No que toca à renda e à possibilidade de se manter ou de ser mantida pela família, o artigo 20, parágrafo 3º da Lei 8.742/93 considera incapaz de prover a manutenção da pessoa portadora de deficiência ou idosa a família cuja renda mensal per capita seja inferior a ¼ do salário mínimo. O requisito da renda per capita merece reflexão, pois não há de ser afastada do Poder Judiciário a possibilidade de verificar a miserabilidade diante da real situação da família. É preciso ressaltar que a diferença aritmética entre a renda familiar mensal per capita verificada em concreto e a renda familiar mensal per capita prevista em abstrato não pode ser considerada, em termos de promoção da dignidade da pessoa humana, como medida razoável para sustentar a capacidade econômica da parte autora.

Cabe, dessa forma, analisar se a parte autora preenche os requisitos para a obtenção do amparo assistencial, diante das normas relativas ao tema acima mencionadas.

No caso dos autos

Quanto ao elemento de deficiência. A parte autora pleiteia a concessão do benefício na qualidade de portador de deficiência. Realizada a perícia médica em Psiquiatria, não foi constatada incapacidade, cujas principais considerações seguem transcritas: “(...) No caso do periciando, verifica-se que se trata de quadro de inteligência limítrofe que não trouxe impedimento para ingresso no mercado de trabalho. Ademais, não foi constatada perda de autonomia, prejuízo nos relacionamentos sociais ou outras condições que determinem dependência de terceiros. Em relação ao uso de drogas, o autor referiu que este se encontra controlado, não sendo tampouco motivo de incapacidade. Dessa forma, pode-se concluir que o autor não se enquadra na categoria de deficiente mental. Contudo, há deficiência física (paralisia de membro superior direito). VIII. Conclusão Com base nos elementos e fatos expostos e analisados, conclui-se: O periciado não é deficiente mental e não apresenta incapacidade laborativa, do ponto de vista psiquiátrico.
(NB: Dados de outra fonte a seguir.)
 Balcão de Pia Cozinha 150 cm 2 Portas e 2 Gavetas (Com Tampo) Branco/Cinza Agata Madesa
É portador de paralisia de membro superior direito, o que caracteriza deficiência física. Sugiro realização de perícia com ortopedista para avaliar seu grau dedeficiência física, bem como a funcionalidade. (...)” (00102230920174036301-300-40943.pdf – anexado em 26.07.2017 – arquivo n. 21).

Observa-se que o artigo 20 da Lei nº 8.742/93 indica como requisito para concessão do benefício ser a pessoa idosa com 70 anos (redução para 65, conforme o artigo 34 da Lei 10.741/03) ou pessoa portadora de deficiência. Não há previsão legal para a concessão do benefício assistencial àquele que não tiver o diagnóstico de incapacidade total e permanente ou total e temporária, nesta última hipótese por período igual ou superior a dois anos. No caso em análise, não foi constatada incapacidade da parte autora. Considerando os parâmetros legais e as conclusões extraídas nos trabalhos técnicos em apreço, a autora não se enquadra como portadora de deficiência, a fim de obter o benefício assistencial pleiteado.
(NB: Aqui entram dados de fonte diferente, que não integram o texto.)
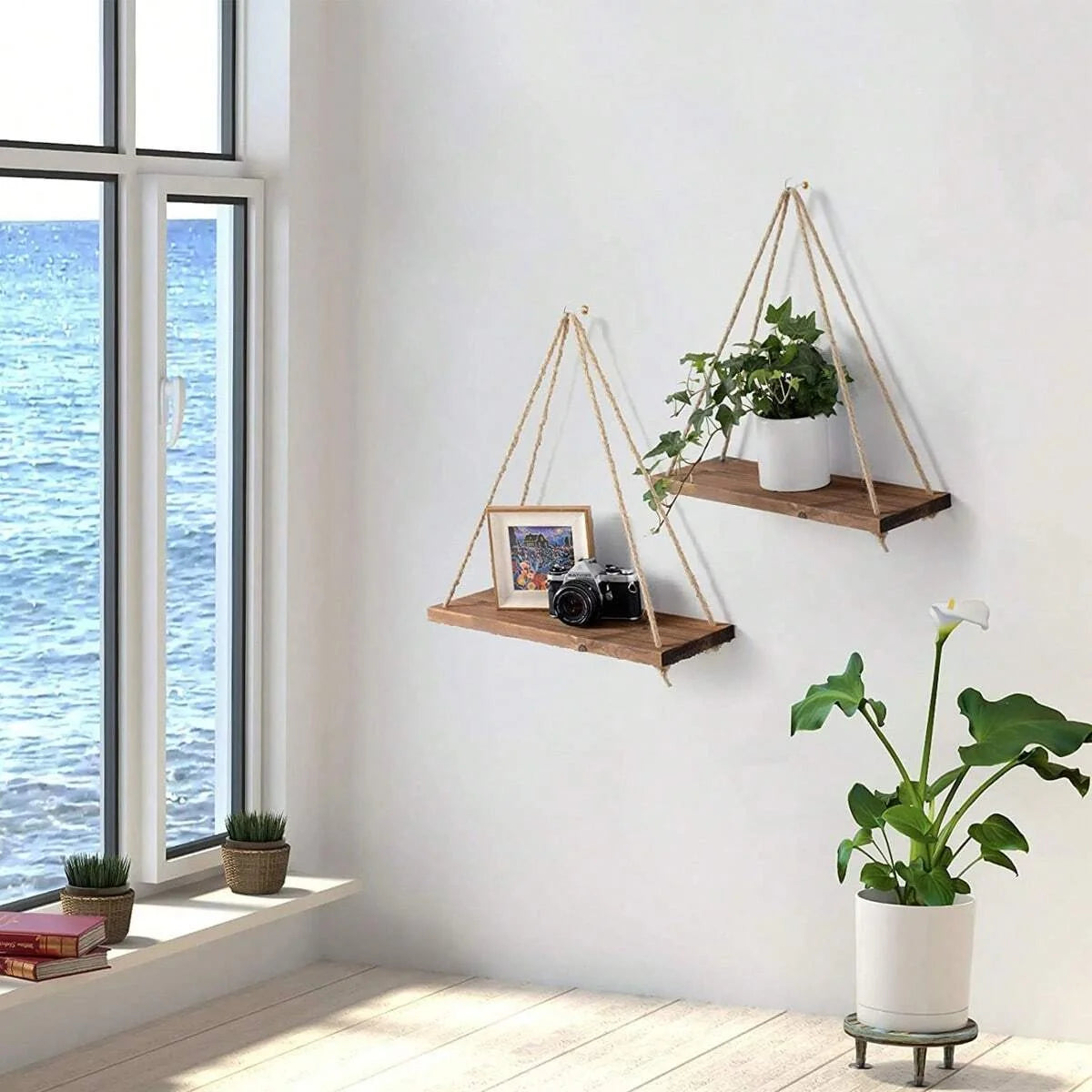 Wooden hanging wall shelf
Assim, não estando preenchido o requisito inerente à pessoa, torna-se inócua a análise da questão socioeconômica desta, justamente por não preencher o requisito pessoal.

Por tudo o que averiguado, não se encontram presentes os requisitos legais para a concessão do benefício, sendo de rigor a improcedência da demanda.

Ciência ao MPF.

Publique-se. Registre-se. Intimem-se.